_Study material_
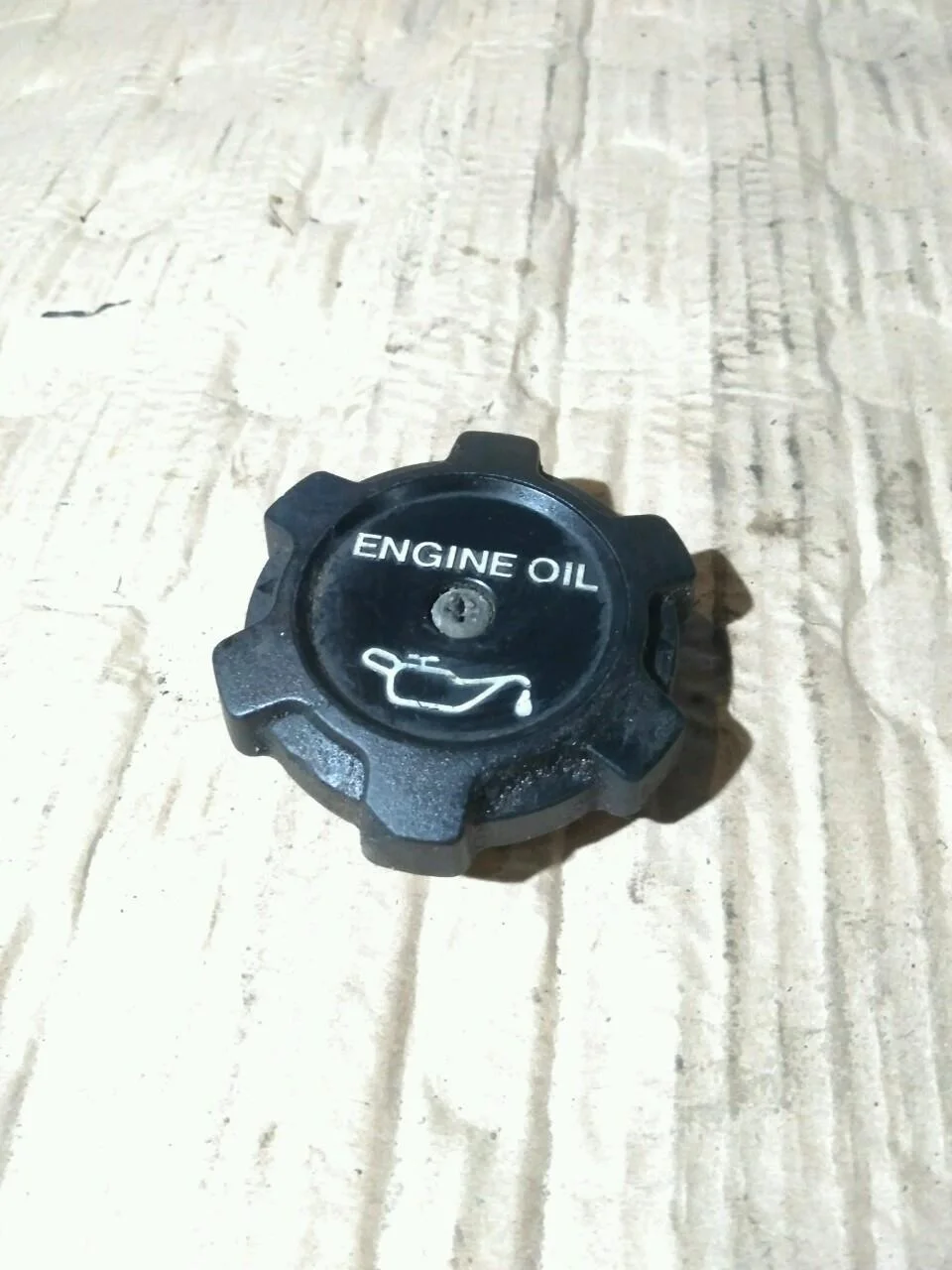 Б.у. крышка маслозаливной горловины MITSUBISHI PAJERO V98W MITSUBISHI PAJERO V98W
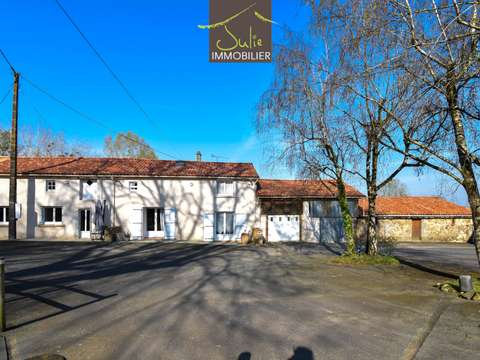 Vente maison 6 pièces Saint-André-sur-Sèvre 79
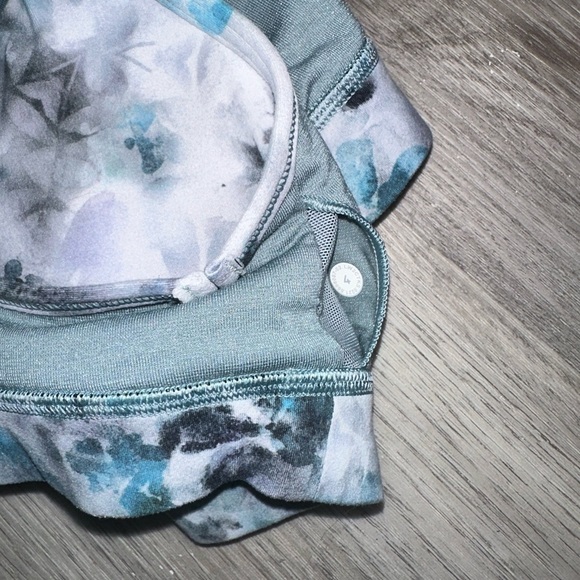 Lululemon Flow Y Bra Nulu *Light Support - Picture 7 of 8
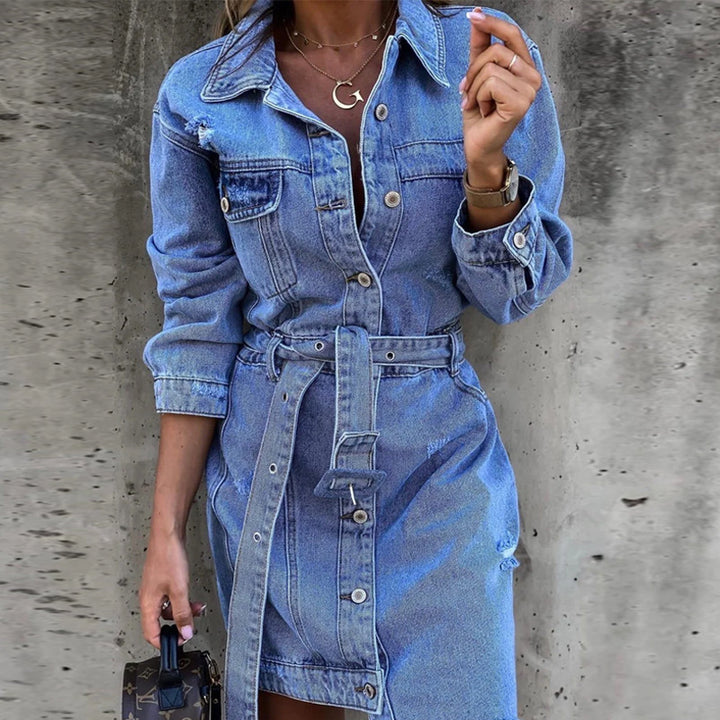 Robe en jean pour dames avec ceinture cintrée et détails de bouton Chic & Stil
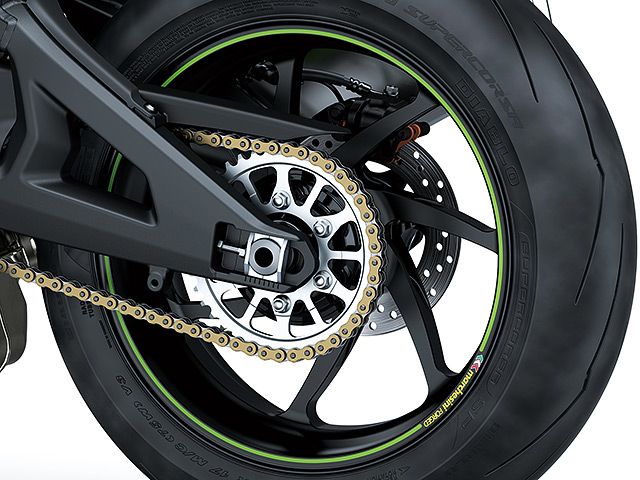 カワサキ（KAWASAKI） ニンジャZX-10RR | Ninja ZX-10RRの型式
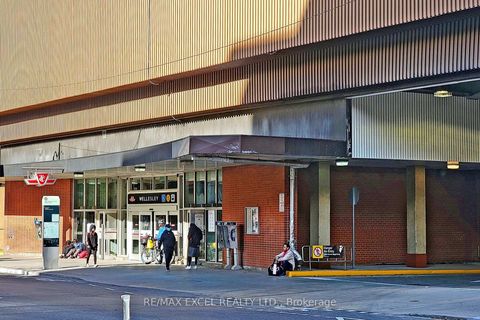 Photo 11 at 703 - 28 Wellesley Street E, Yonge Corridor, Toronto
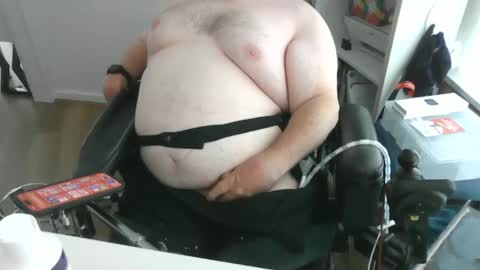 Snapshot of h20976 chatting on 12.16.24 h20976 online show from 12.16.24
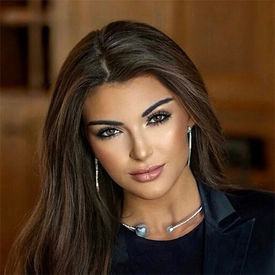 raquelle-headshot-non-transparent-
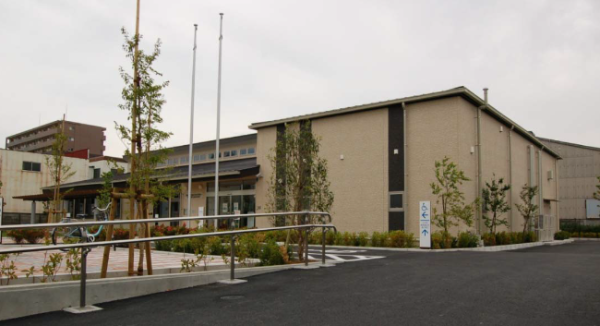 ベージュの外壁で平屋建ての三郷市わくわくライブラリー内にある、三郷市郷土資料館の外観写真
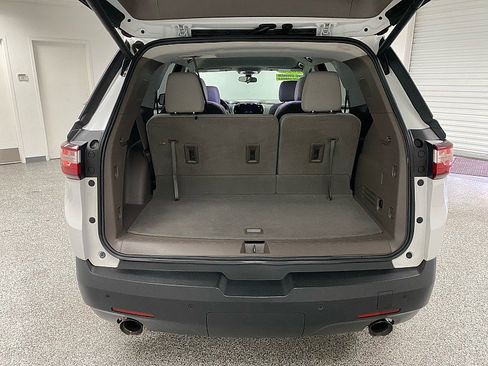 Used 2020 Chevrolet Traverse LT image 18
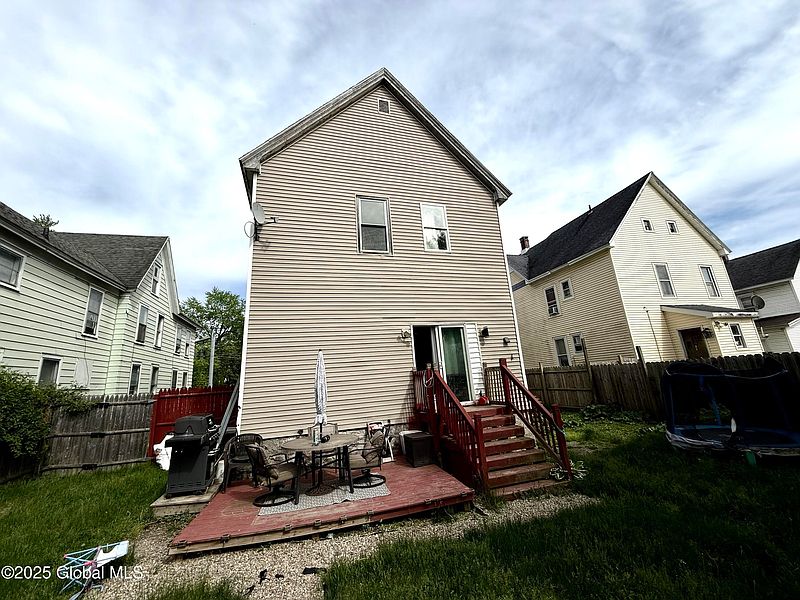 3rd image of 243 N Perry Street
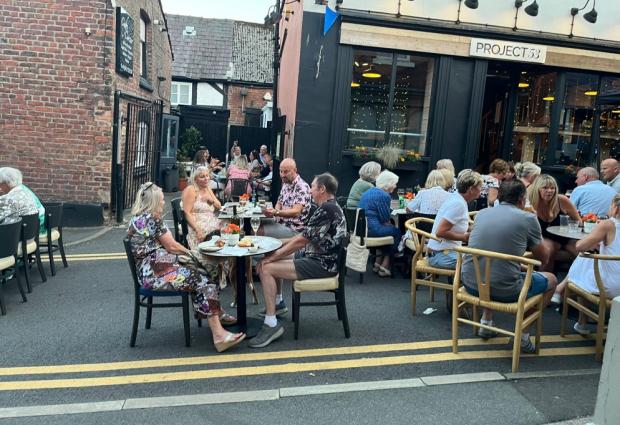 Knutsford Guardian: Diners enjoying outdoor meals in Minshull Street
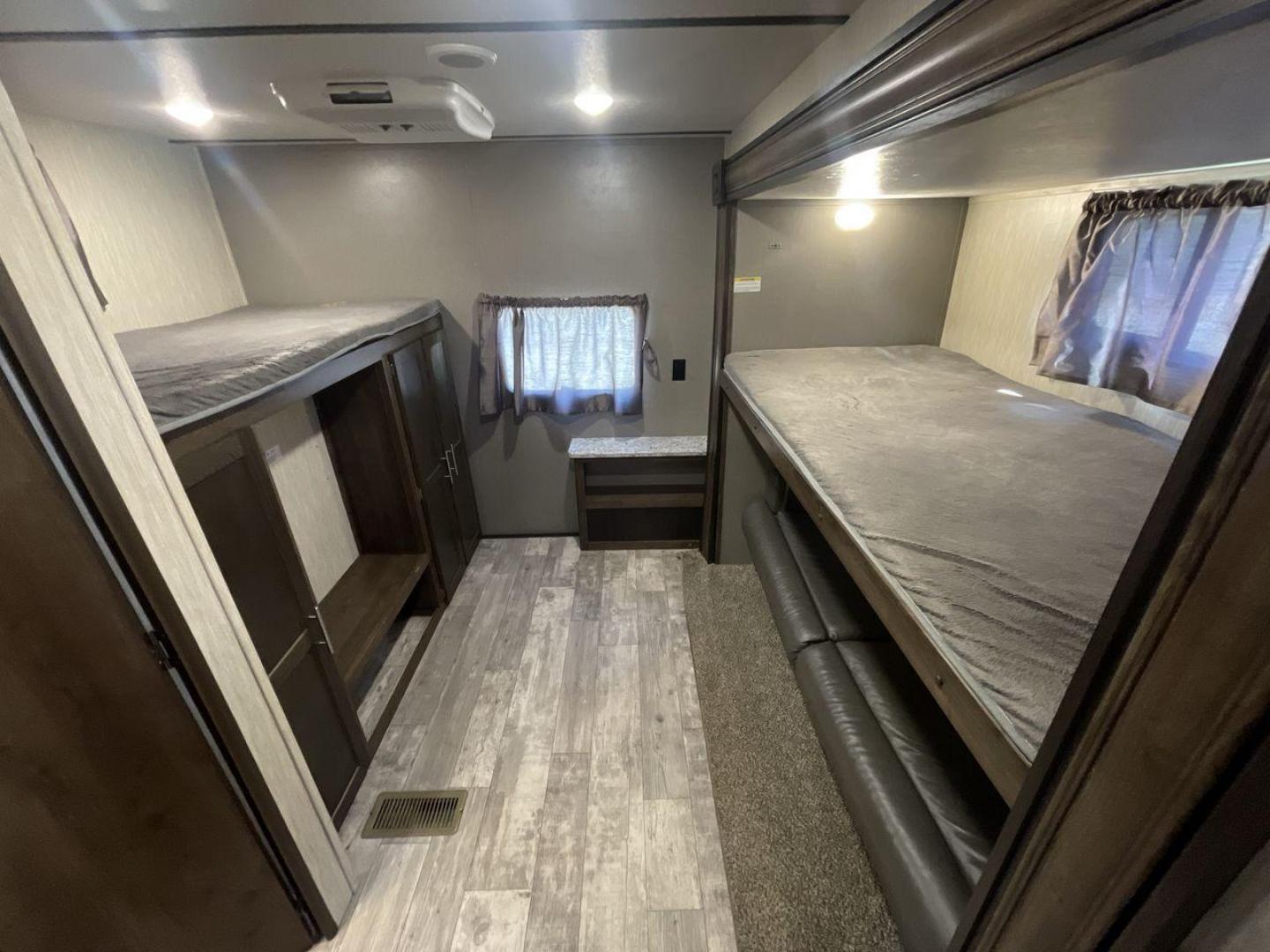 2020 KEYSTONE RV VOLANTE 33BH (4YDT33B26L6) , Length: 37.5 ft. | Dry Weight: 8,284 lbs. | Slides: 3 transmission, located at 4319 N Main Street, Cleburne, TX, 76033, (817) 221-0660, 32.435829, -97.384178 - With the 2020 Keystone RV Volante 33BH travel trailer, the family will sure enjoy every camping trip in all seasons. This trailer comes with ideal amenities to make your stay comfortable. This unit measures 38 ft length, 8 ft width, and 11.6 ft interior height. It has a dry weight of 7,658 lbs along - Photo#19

_Task statement_
Could you output all the entries above exactly as written, leaving out the pictures?

_Task output_
 Б.у. крышка маслозаливной горловины MITSUBISHI PAJERO V98W MITSUBISHI PAJERO V98W
 Vente maison 6 pièces Saint-André-sur-Sèvre 79
 Lululemon Flow Y Bra Nulu *Light Support - Picture 7 of 8
 Robe en jean pour dames avec ceinture cintrée et détails de bouton Chic & Stil
 カワサキ（KAWASAKI） ニンジャZX-10RR | Ninja ZX-10RRの型式
 Photo 11 at 703 - 28 Wellesley Street E, Yonge Corridor, Toronto
 Snapshot of h20976 chatting on 12.16.24 h20976 online show from 12.16.24
 raquelle-headshot-non-transparent-
 ベージュの外壁で平屋建ての三郷市わくわくライブラリー内にある、三郷市郷土資料館の外観写真
 Used 2020 Chevrolet Traverse LT image 18
 3rd image of 243 N Perry Street
 Knutsford Guardian: Diners enjoying outdoor meals in Minshull Street
 2020 KEYSTONE RV VOLANTE 33BH (4YDT33B26L6) , Length: 37.5 ft. | Dry Weight: 8,284 lbs. | Slides: 3 transmission, located at 4319 N Main Street, Cleburne, TX, 76033, (817) 221-0660, 32.435829, -97.384178 - With the 2020 Keystone RV Volante 33BH travel trailer, the family will sure enjoy every camping trip in all seasons. This trailer comes with ideal amenities to make your stay comfortable. This unit measures 38 ft length, 8 ft width, and 11.6 ft interior height. It has a dry weight of 7,658 lbs along - Photo#19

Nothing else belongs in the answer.